» **Work required**: The lines below starting at the line containing "vidaXL Cama box" and ending at the line containing "Autumn Leaves Lake" are to be repeated exactly, with both ends kept and nothing else added.

» **Exercise material**:
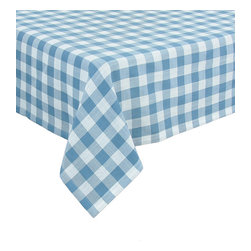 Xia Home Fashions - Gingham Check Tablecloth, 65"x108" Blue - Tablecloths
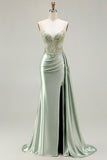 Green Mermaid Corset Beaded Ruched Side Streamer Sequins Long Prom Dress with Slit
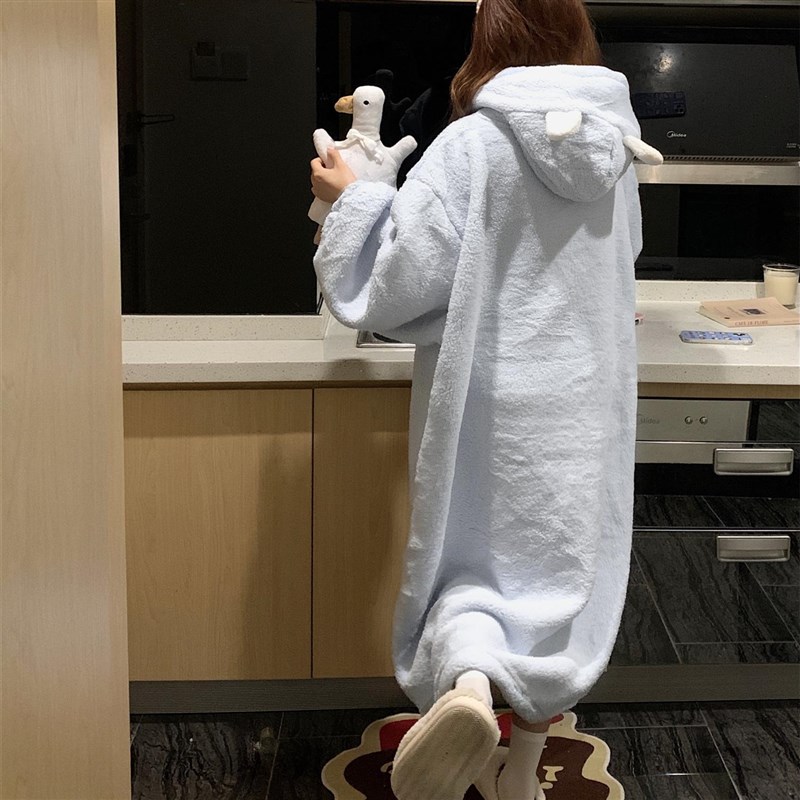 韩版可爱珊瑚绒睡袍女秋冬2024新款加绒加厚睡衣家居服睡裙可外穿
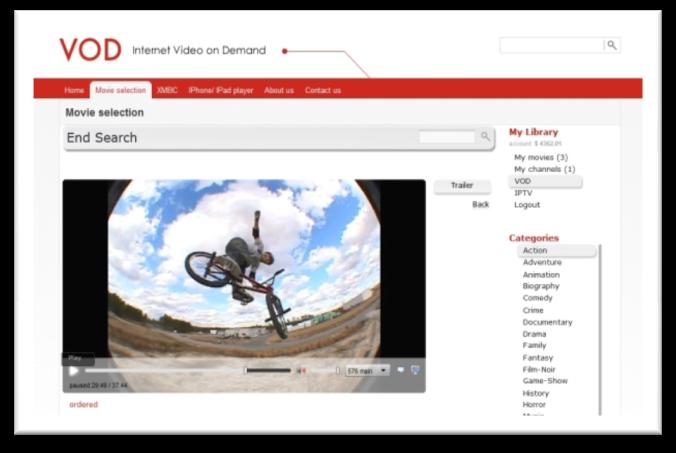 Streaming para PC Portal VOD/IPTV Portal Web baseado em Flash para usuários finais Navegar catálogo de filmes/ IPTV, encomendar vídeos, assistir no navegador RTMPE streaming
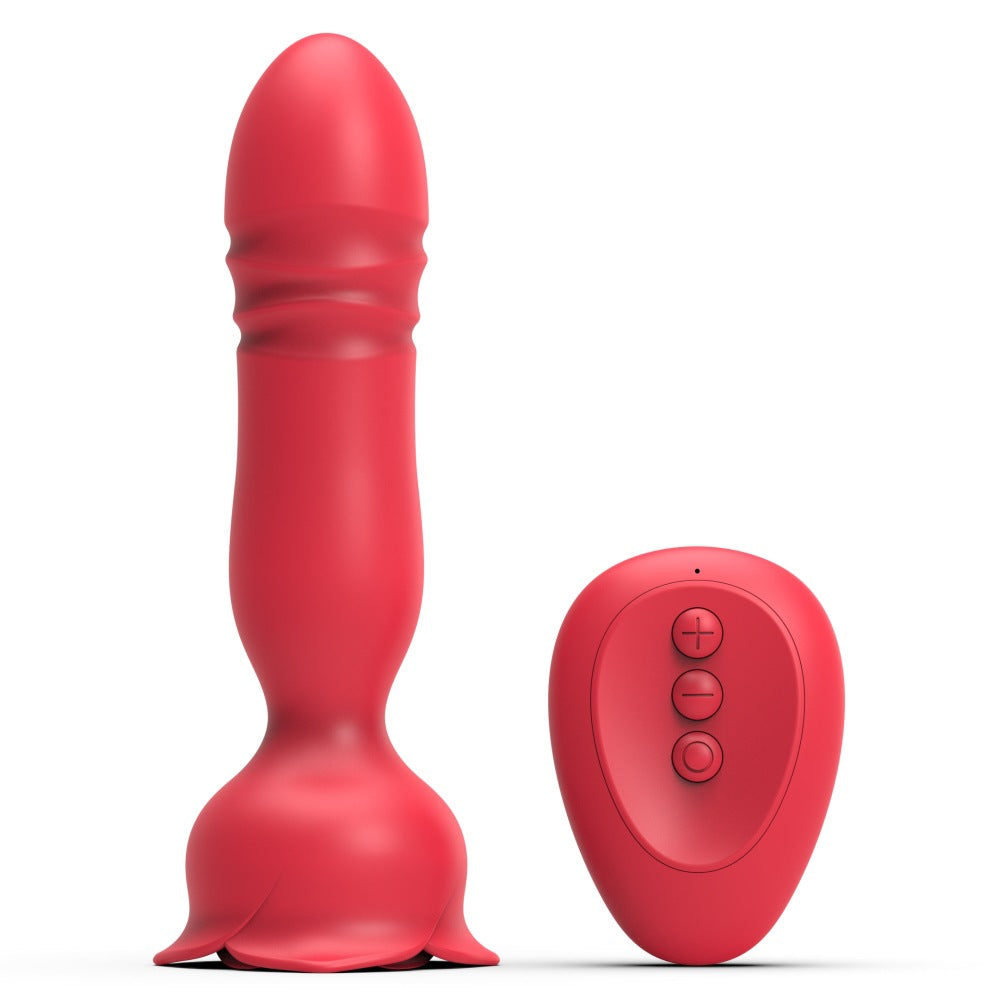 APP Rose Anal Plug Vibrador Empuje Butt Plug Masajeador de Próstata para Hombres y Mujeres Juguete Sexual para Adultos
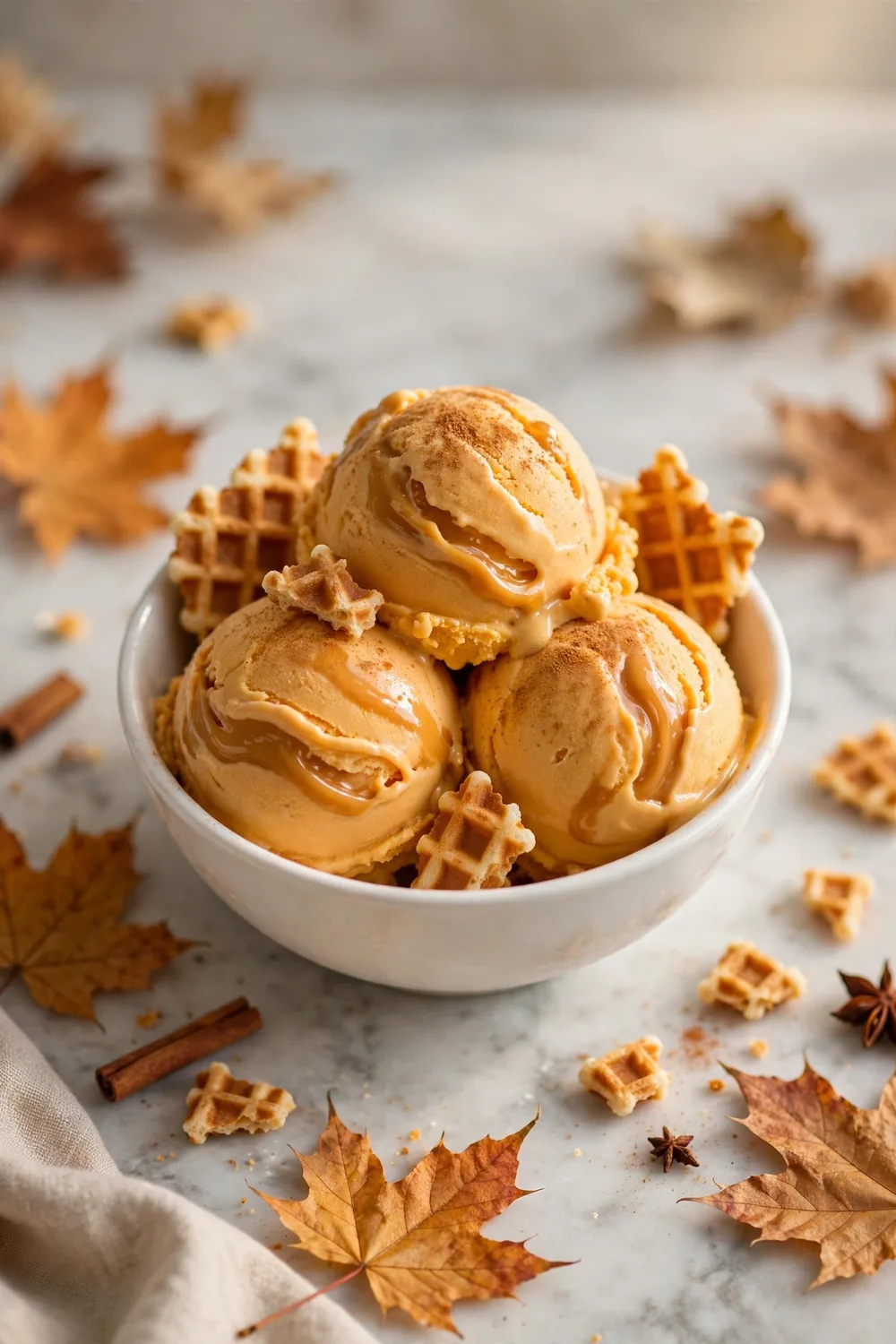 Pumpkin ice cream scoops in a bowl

...

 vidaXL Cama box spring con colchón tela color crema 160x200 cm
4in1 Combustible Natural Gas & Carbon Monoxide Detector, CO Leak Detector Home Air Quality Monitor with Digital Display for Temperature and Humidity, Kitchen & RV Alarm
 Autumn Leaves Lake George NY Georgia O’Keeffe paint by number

» **Your response**:
 vidaXL Cama box spring con colchón tela color crema 160x200 cm
4in1 Combustible Natural Gas & Carbon Monoxide Detector, CO Leak Detector Home Air Quality Monitor with Digital Display for Temperature and Humidity, Kitchen & RV Alarm
 Autumn Leaves Lake George NY Georgia O’Keeffe paint by number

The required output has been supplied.